A “Golden Age”? provides the occasion for cultural commentators, policy analysts and historians to brigade the evidence for cultural achievements since 1997 and consider the relationship between culture and recessions since the 1970s. While this might appear retrospective, we are also keen to look forward and bring together ideas for the longer term impacts of what we observe and to develop hypotheses about cultural policy and activity in the future.

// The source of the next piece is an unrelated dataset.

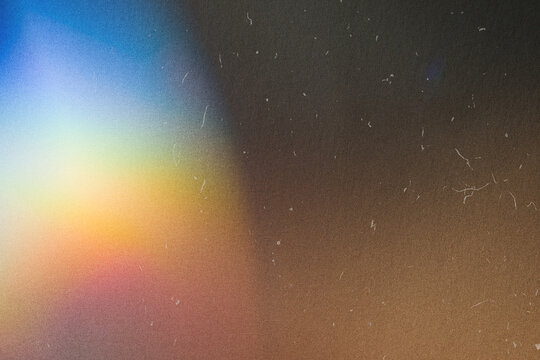 Abstract light leak creating vintage film grain and dust texture on dark background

Well, state-supported looting of archaeological sites for collectables for entertainment and profit was instituted in 1997 with the pilot scheme of the PAS. Since then, the erosion of the archaeological record has got worse, and the wildness of the claims that this is in any way mitigated by the production of archaeological information and the "rescue" (sic) of evidence even more unbelieable. New Labour's "cultural policy" towards the buried archaeological heritage certainly seems to have been awfully wrong-headed. Let us see some proper debate on the erosive effects of the artefact hunting rather than the current "what a lot of luvverly trezures we've got hoiked out" idiocies we hear so much about instead.